** The task **
Write out the data word for word and drop any picture you find.

** Given material **
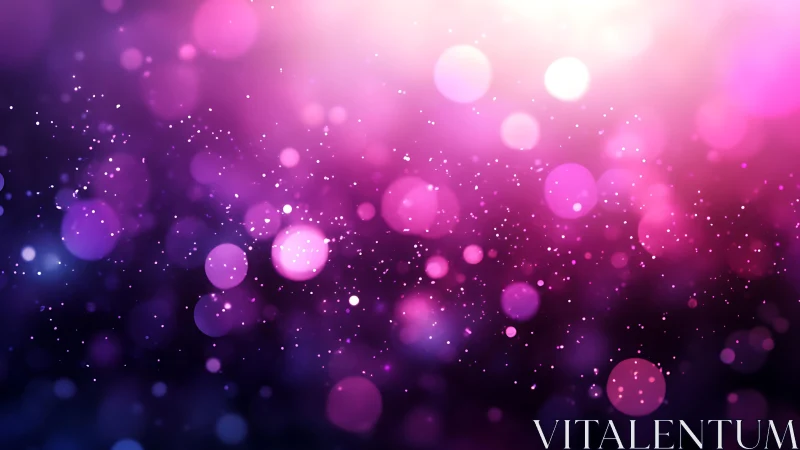 Vibrant purple and pink bokeh abstract background with glowing lights.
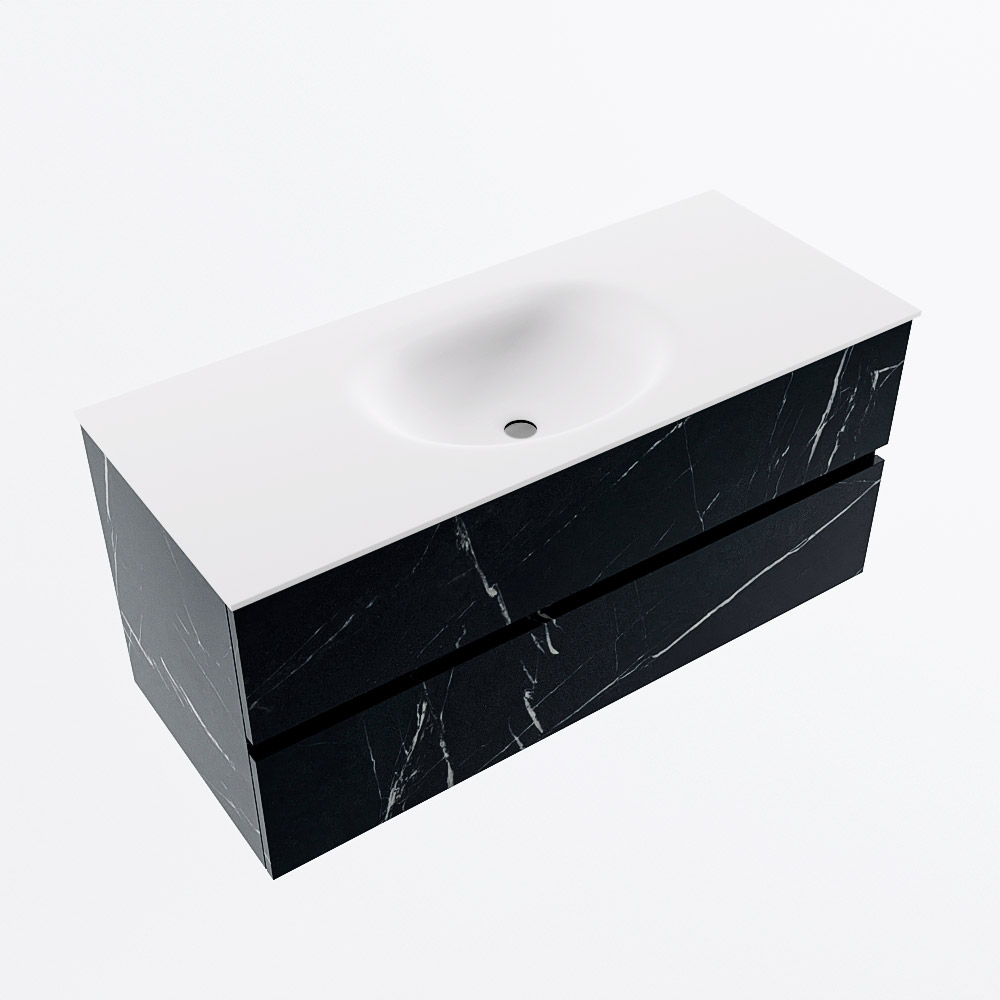 MONDIAZ VICA 110cm mueble de baño Marquina 2 cajones. Lavabo MOON Centro 1 orificio, color Talc. 6 MONDIAZ VICA 110cm mueble de baño Marquina 2 cajones. Lavabo MOON Centro 1 orificio, color Talc. - Imagen 6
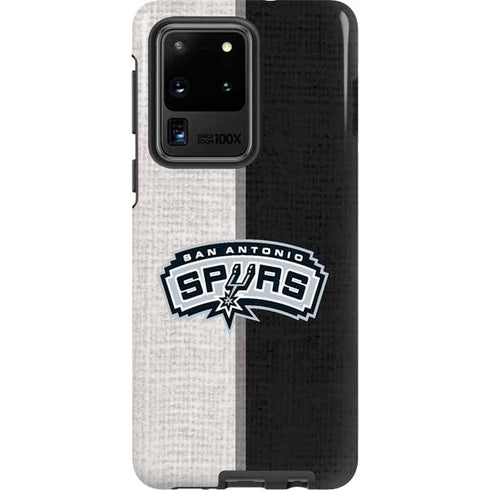 NBA San Antonio Spurs Canvas Galaxy S20 Ultra 5G Pro Case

** Expected output **
 Vibrant purple and pink bokeh abstract background with glowing lights.
 MONDIAZ VICA 110cm mueble de baño Marquina 2 cajones. Lavabo MOON Centro 1 orificio, color Talc. 6 MONDIAZ VICA 110cm mueble de baño Marquina 2 cajones. Lavabo MOON Centro 1 orificio, color Talc. - Imagen 6
 NBA San Antonio Spurs Canvas Galaxy S20 Ultra 5G Pro Case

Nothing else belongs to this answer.